Treat the line with "this 617×411 image." as the starting point. Write it out and every line after it through the end of the listing below, exactly.

- Exercise material
+ + +
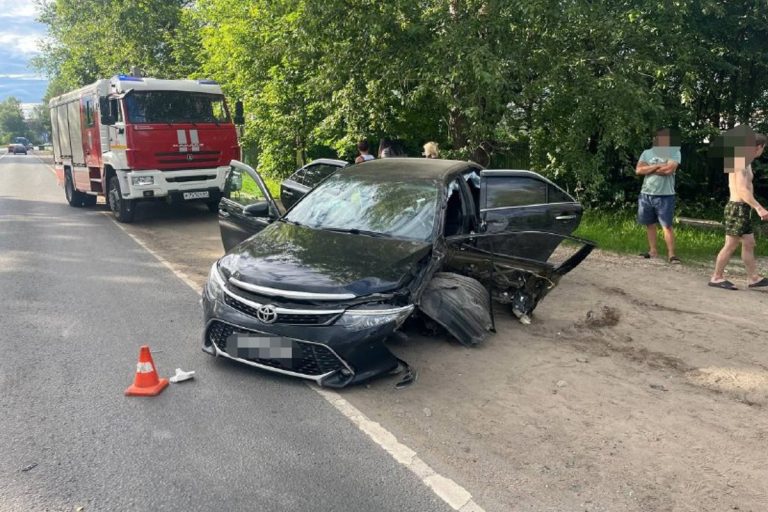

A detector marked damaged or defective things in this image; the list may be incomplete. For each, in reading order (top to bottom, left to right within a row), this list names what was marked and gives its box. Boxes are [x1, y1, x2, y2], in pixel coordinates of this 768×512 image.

detached wheel [65, 170, 88, 206]
detached wheel [108, 176, 135, 222]
crumpled car hood [218, 221, 432, 296]
black damaged sedan [202, 158, 592, 386]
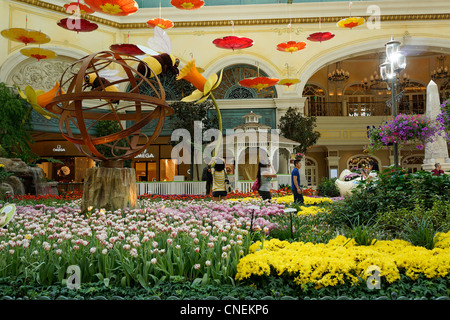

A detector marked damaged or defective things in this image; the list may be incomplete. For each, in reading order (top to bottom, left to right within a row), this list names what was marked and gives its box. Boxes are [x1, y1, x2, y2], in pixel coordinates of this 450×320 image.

rusty metal globe [45, 51, 172, 166]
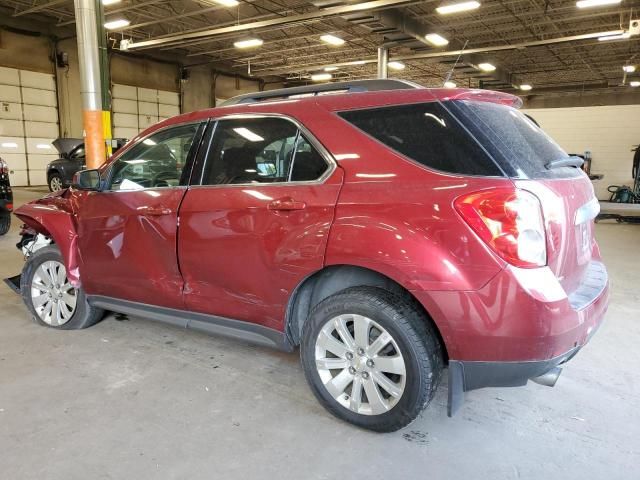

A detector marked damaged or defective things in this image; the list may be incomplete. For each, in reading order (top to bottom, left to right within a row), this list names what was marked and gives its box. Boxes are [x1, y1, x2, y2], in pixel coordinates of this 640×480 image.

crumpled fender [13, 191, 83, 288]
front-end collision damage [13, 192, 83, 288]
damaged red suv [12, 79, 608, 432]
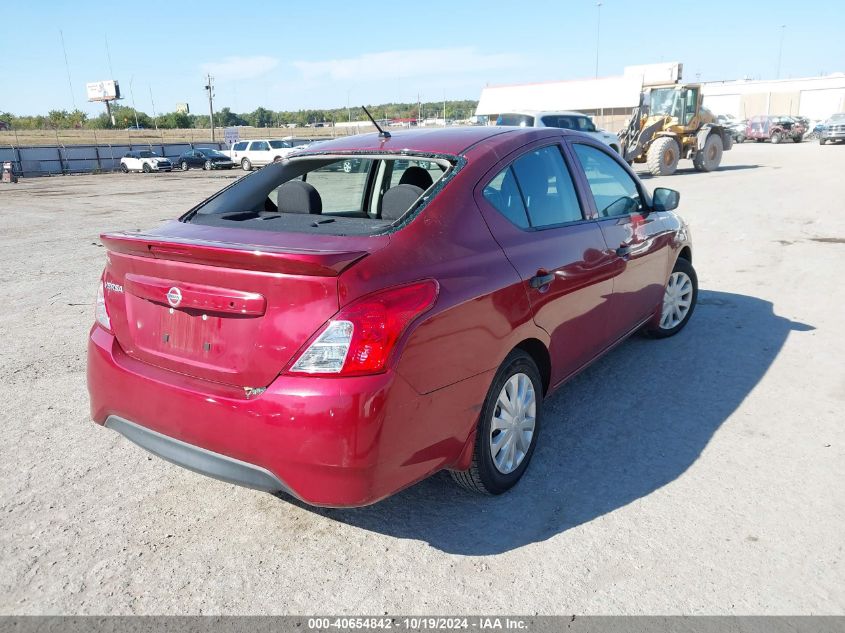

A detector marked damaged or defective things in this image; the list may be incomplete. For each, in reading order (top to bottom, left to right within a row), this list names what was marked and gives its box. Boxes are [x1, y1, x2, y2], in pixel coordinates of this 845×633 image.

broken rear window [182, 156, 452, 237]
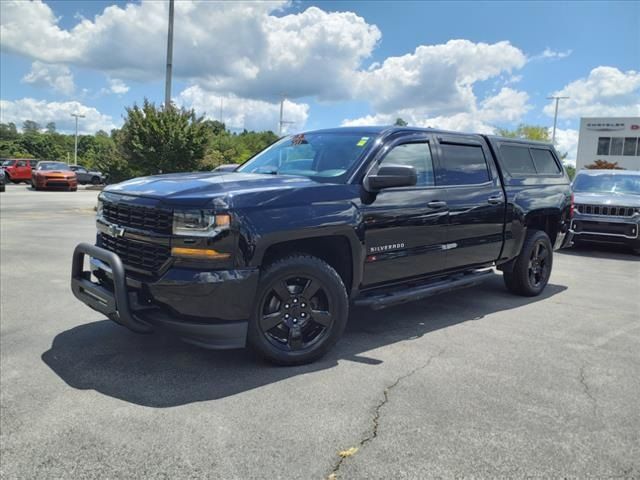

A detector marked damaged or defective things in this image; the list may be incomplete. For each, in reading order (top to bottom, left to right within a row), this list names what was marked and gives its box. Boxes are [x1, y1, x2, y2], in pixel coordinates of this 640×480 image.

cracked asphalt [1, 186, 640, 478]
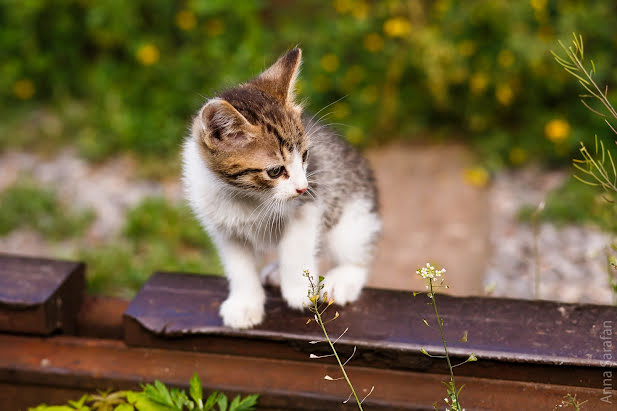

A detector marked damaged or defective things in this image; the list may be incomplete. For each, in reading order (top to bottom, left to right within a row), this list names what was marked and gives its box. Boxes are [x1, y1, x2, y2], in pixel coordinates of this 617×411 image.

rusty metal rail [0, 253, 612, 410]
+ + +
- Expected answer
A detector marked damaged or defective things in this image; the list may be incomplete. For each, in reading order (top to bottom, left to right within a row), this list names what was marked and gives its box. Boxes are [x1, y1, x2, y2], in pixel coordinates of this 617×411 image.

rusty metal rail [0, 253, 612, 410]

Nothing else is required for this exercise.